Highlights & Insights

  • Elegant analogical transfer: Migrating the successful application of BPE in NLP to recommender systems without naive application—deeply adapting to the unique data structure of "sequences of sets" (via weighted counting, intermediate nodes, and SPR) reflects a profound understanding of the problem's nature.
  • Killing two birds with one stone with SPR: Set Permutation Regularization simultaneously addresses low token utilization and inference ensembling with a clean and efficient design.
  • Insight into cross-action tokens: Merged tokens can span the features of adjacent actions, which conceptually equates to capturing "transition patterns" of user behavior (e.g., brand consistency from T-shirts to socks), thus imbuing tokenization with sequence-level semantics.
  • Google DeepMind work with open-source code: The engineering implementation utilizes an efficient inverted index and a lazy-update heap, taking practical deployment efficiency into consideration.

Limitations & Future Work

  1. Evaluated only on small-scale Amazon Reviews data: The largest of the three datasets only contains 75k users and 64k items, lacking validation on industrial-scale massive scenarios.
  2. Feature selection relies on manual engineering: It requires pre-defined sets of discrete item features, and continuous features need to be discretized; the quality of feature engineering directly impacts the tokenization effect.
  3. Inference overhead scales linearly with the ensemble size: Although parallelizable, the computational cost of \(q\) forward passes remains high.
  4. Lack of comparison with LLM-based recommendation methods: Recommendation methods based on large language models, such as TALLRec, are not included in the comparison.
  • TIGER (Rajput et al., 2023): Generates hierarchical semantic IDs using RQ-VAE, which serves as a major baseline; the core distinction of ActionPiece lies in its context awareness.
  • SPM-SID (Singh et al., 2024): Applies SentencePiece to merge semantic ID patterns, representing the strongest baseline yet remaining context-independent.
  • HSTU (Zhai et al., 2024): Directly uses raw features as tokens without tokenization; the w/o tokenization ablation of ActionPiece validates the necessity of tokenization.
  • BPE for NLP (Sennrich et al., 2016): The direct inspiration for ActionPiece, though expanding it from a one-dimensional sequence to a sequence of sets is non-trivial.

Inspiration: This paradigm of migrating "from NLP tokenization to structured sequence tokenization" can be extended to other domains—such as audio modeling (sequences of frame feature sets), time series forecasting (multivariate set sequences), sequential decision making, etc.
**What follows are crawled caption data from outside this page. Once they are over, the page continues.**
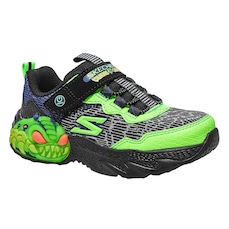 Tênis Skechers S Lights Creature Lights - Infantil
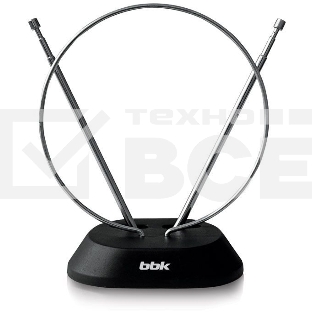 Антенна телевизионная BBK DA01 пассивная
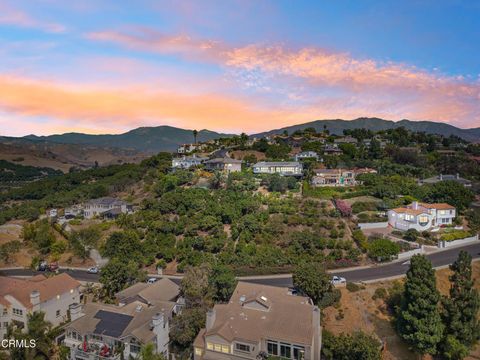0 View Drive Santa Paula CA 93060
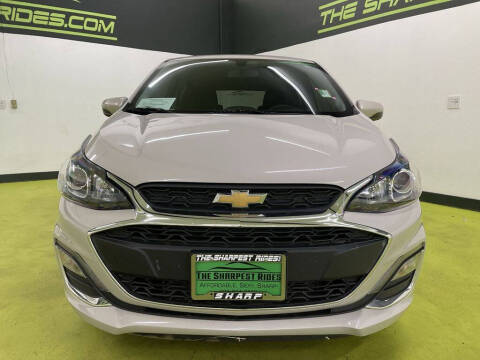 2021 Chevrolet Spark 1LT CVT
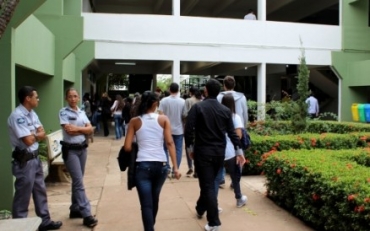 As provas objetivas e de redao tero incio s 14 horas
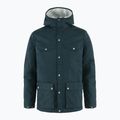 Férfi széldzseki Fjällräven Greenland Winter dark navy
The concept of context-aware tokenization may also inspire representation learning in other fields.

Rating

  • Novelty: ⭐⭐⭐⭐ — The first context-aware action tokenizer; the analogy is clear but technical adaptation is non-trivial.
  • Technical Depth: ⭐⭐⭐⭐ — The three designs (weighted counting, intermediate nodes, and SPR) are tightly coupled, and the efficient implementation has engineering depth.
  • Experimental Thoroughness: ⭐⭐⭐⭐ — Comprehensive ablations and deep analysis (token utilization, ensemble effects, case studies), though the dataset scale is relatively small.
  • Practical Value: ⭐⭐⭐⭐ — Open-source code, highly versatile method, but lacking industrial-scale validation.
  • Overall Recommendation: ⭐⭐⭐⭐ — A high-quality work that elegantly transfers NLP tokenization techniques to recommender systems.